Kerajaan Kaimana
Kerajaan Kaimana (Jawi: كراجأن كيمان) juga dikenal dengan Kerajaan Sran atau Kerajaan Komisi dengan nama lokal Sran Emaan Muun adalah salah satu dari sembilan kerajaan seperti daerah wilayah semenanjung Bomberai Papua.
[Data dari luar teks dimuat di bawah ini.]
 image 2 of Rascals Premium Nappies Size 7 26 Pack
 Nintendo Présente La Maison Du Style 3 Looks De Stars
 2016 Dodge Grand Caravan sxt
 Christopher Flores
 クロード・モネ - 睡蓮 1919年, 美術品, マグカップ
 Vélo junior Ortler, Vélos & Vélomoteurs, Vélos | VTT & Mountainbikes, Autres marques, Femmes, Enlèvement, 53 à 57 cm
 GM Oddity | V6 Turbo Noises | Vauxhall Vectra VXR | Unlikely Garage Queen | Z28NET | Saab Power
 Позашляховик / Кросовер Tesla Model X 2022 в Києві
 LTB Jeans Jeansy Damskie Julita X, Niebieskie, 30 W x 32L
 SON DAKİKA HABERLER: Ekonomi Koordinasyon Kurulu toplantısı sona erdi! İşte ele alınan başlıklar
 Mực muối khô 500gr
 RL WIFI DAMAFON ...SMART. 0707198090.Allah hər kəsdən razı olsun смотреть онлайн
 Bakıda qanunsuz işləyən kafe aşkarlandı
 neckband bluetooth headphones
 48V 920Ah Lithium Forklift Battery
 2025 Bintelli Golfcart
Kerajaan Kaimana كراجأن كيمان | |||||||
---|---|---|---|---|---|---|---|
1309–sekarang | |||||||
Bendera | |||||||
Wilayah Kerajaan Kaimana di bawah Kesultanan Tidore pada abad ke-16 (Uli Siwa) | |||||||
Ibu kota | Kaimana | ||||||
Bahasa yang umum digunakan | Melayu Papua, Bahasa Kowiai | ||||||
Agama | Islam setelah 1626 | ||||||
Pemerintahan | Kerajaan | ||||||
Rat | |||||||
• 1309–? M | Rat Sran Nati Patimunin I Imaga | ||||||
• ?–? M | Rat Sran Adi II Basir Onin | ||||||
• 1348–1440 M | Rat Sran Rat Adi III Woran | ||||||
• 1808–1898 M | Rat Sran E'man IV Nduvin | ||||||
• 1898–1923 M | Rat Sran E'man V Naro’e | ||||||
• 1923–1966 M | Rat Sran Rat E'man Umisi VI Achmad Aituarauw | ||||||
• 1966–1980 M | Rat Sran Rat Kaimana Umisi VII Muh Achmad Rais Aituarauw | ||||||
• 1980–sekarang | Rat Sran Rat Kaimana Umisi VIII Abdul Hakim Achmad Aituarauw | ||||||
Sejarah | |||||||
• Kemerdekaan dari Kesultanan Tidore | 1309 | ||||||
• Menjadi daerah Kabupaten Kaimana | sekarang | ||||||
| |||||||
Sekarang bagian dari | Indonesia | ||||||
Asal Muasal
Kerajaan Sran berasal dari kawasan pegunungan Mbaham, Tri Abuan Wanas. Leluhur mereka awalnya tinggal di Gunung Baik yang terletak di Semenanjung Kumawa atau kawasan Patimunin. Menurut penuturan Abdul Hakim Ahmad Aituarauw (Raja Sran Kaimana VIII), terbentuknya pemerintahan adat kerajaan Sran Kaimana adalah usaha raja pertama bernama Imaga. Saat itu penduduk yang mendiami kerajaan itu belum banyak. Imaga lalu menyatukan mereka dalam satu pemerintahan adat, ia berjalan dari kampung ke kampung untuk menyebarkan pengaruhnya. Cara lain adalah dengan cara perkawinan, sehingga hampir di semua wilayah ada keluarganya. Alhasil penduduk kampung-kampung tersebut bersatu dan mengangkatnya sebagai raja pada 1309. Bisa dikatakan kerajaan ini adalah kerajaan keluarga, karena Imaga sebenarnya menjadi pemimpin bagi keluarga besar. Raja Imaga, bergelar Rat Sran Nati Patimunin I. Pusat kerajaan dibangunnya di Weri, terletak di Teluk Tunas Gain di wilayah Fakfak.[1]
Administrasi Pemerintahan
Raja didampingi oleh duduvura adat dan raja muda yang kedudukannya adatnya sejajar dengan raja, namun masih berada di bawah kekuasaan raja. Dalam menjalankan pemerintahannya, raja dibantu oleh: pemuka agama, dukun/ ahli nujum, mayora, sangaji, hukom, joujau, kapitang/kapitan laut dan orang kaya.[1]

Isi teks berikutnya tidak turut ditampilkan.